Proceeding further Lord Reid observed:

'I would also refer to the judgment of Uthwatt, J., in J. Lyons and Company, Limited v. Attorney-General, (1944) Ch 281: 'I do not think that the use throughout Section 24 of the Act of the word 'plant' as part of the phrases plant or machinery' and 'machinery and plant' has the effect of confining the meaning of he word to such plant as is used for mechanical operations or processes. Next I find it unnecessary for the purposes of a decision in this case, to enter on the question whether any particular limitation should be placed on the general sense borne by the word 'plant' by reason that the Act in which it appears is a rating Act. I propose to assume that no such limitation should be placed.....Confining my attention to trade plant, I am content to accept the general description in (1887) 19 QBD 647, that 'plant' includes whatever apparatus or instruments are used by a business man in carrying on his business. The term does not include stock-in-trade, or does it include the place in which the business is carried on. Whether any particular article more properly falls within 'plant' as thus understood or in some other category depends on all the circumstances of the case.'

8. Mr. Pandit argues relying on these observations that the word 'plant' is capable of being given an extensive meaning and if such extensive meaning is given, the water storage tank used for the purpose of the business of the assessee would come within the definition of the word 'plant'.
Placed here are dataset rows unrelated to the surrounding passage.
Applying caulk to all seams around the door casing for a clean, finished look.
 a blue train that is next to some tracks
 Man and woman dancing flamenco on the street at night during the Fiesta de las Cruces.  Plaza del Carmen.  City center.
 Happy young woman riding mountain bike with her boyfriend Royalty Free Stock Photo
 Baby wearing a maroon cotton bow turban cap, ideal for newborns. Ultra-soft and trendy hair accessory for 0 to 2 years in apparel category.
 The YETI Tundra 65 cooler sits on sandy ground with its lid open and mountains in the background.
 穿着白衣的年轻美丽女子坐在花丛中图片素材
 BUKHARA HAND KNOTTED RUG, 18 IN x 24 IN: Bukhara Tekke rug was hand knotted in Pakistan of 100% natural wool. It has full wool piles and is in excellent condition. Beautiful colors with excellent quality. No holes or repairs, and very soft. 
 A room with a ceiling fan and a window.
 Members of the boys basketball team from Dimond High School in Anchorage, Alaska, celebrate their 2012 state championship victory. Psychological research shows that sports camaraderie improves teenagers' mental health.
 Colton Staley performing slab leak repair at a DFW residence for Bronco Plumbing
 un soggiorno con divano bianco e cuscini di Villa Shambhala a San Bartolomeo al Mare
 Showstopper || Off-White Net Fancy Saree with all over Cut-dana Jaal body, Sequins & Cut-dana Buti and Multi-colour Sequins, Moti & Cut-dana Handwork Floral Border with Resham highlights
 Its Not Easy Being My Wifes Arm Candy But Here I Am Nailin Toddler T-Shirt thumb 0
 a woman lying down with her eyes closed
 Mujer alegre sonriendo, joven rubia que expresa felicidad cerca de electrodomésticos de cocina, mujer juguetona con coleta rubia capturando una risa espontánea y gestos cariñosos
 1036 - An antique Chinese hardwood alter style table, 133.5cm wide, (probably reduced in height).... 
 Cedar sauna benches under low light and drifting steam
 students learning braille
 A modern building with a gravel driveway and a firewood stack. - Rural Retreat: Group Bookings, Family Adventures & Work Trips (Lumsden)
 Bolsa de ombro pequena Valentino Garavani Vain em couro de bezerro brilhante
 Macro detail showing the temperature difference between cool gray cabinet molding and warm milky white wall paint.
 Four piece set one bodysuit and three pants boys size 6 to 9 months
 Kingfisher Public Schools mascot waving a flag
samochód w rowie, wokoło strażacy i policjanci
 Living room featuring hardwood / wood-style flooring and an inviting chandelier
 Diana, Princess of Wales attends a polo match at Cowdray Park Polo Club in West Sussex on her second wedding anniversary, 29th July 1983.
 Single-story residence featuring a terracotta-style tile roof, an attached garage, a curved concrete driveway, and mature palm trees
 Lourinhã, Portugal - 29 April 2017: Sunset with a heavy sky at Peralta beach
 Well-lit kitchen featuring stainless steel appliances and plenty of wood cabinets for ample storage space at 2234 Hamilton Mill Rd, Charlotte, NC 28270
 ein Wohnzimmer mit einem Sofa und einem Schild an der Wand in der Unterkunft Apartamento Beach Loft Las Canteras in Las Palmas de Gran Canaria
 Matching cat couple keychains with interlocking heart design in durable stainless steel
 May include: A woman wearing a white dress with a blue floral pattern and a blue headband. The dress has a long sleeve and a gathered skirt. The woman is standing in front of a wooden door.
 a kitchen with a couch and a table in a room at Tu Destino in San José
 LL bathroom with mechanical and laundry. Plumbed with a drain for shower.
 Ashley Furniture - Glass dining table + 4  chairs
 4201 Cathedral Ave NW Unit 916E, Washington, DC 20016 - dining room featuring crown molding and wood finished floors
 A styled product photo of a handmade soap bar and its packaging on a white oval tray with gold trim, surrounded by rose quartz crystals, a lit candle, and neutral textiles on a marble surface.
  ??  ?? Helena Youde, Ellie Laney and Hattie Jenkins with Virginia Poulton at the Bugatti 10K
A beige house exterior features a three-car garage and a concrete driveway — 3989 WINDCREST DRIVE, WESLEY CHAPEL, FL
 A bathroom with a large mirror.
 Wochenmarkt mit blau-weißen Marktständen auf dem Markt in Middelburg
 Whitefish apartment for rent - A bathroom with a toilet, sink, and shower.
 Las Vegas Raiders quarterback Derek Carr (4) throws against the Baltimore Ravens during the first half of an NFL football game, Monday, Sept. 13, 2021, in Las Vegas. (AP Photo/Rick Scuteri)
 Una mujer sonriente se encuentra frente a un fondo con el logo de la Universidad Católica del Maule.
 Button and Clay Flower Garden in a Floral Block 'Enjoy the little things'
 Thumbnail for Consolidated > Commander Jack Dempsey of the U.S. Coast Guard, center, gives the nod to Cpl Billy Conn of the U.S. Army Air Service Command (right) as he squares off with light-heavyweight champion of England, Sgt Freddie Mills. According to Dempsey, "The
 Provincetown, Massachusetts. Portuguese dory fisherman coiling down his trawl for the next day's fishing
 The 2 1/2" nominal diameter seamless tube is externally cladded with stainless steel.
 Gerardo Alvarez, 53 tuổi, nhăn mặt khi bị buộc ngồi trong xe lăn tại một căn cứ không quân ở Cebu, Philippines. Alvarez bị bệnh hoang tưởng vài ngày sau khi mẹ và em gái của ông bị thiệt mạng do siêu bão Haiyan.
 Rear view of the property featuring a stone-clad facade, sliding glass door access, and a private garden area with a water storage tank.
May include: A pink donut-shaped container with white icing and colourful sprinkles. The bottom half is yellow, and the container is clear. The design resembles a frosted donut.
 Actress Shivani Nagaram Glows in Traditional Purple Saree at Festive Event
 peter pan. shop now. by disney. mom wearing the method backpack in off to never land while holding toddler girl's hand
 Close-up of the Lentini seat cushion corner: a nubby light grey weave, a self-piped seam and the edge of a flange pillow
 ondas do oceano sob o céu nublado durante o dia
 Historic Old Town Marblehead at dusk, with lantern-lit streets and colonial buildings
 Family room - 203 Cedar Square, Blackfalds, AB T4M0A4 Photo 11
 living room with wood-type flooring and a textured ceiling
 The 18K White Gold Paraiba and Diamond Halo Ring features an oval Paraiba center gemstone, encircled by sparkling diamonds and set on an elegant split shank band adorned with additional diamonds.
9. In our view even the extended meaning, which has been given to the word 'plant' in these observations does not take it beyond the apparatus or instruments as are used by a business man in carrying on his business. In order that the assessee may succeed it must be held that not only the instruments or the apparatus used in connection with the business but even the container of the stock-in-trade would come within the meaning of the word 'plant'. Neither on the dictionary meaning nor on the meaning given in the judicial decision to which Mr. Pandit has referred, can we given such an extended meaning to the word 'plant' as to cover the container or the storage place of the stock-in-trade of the assessee.

10. In our opinion, therefore, the view which was taken by the Tribunal is correct and the question, which has been referred to us must be answered in the negative. We answer accordingly. The assessee will pay the costs of the Department.

KF/J/D.V.C. Reference answered in negative.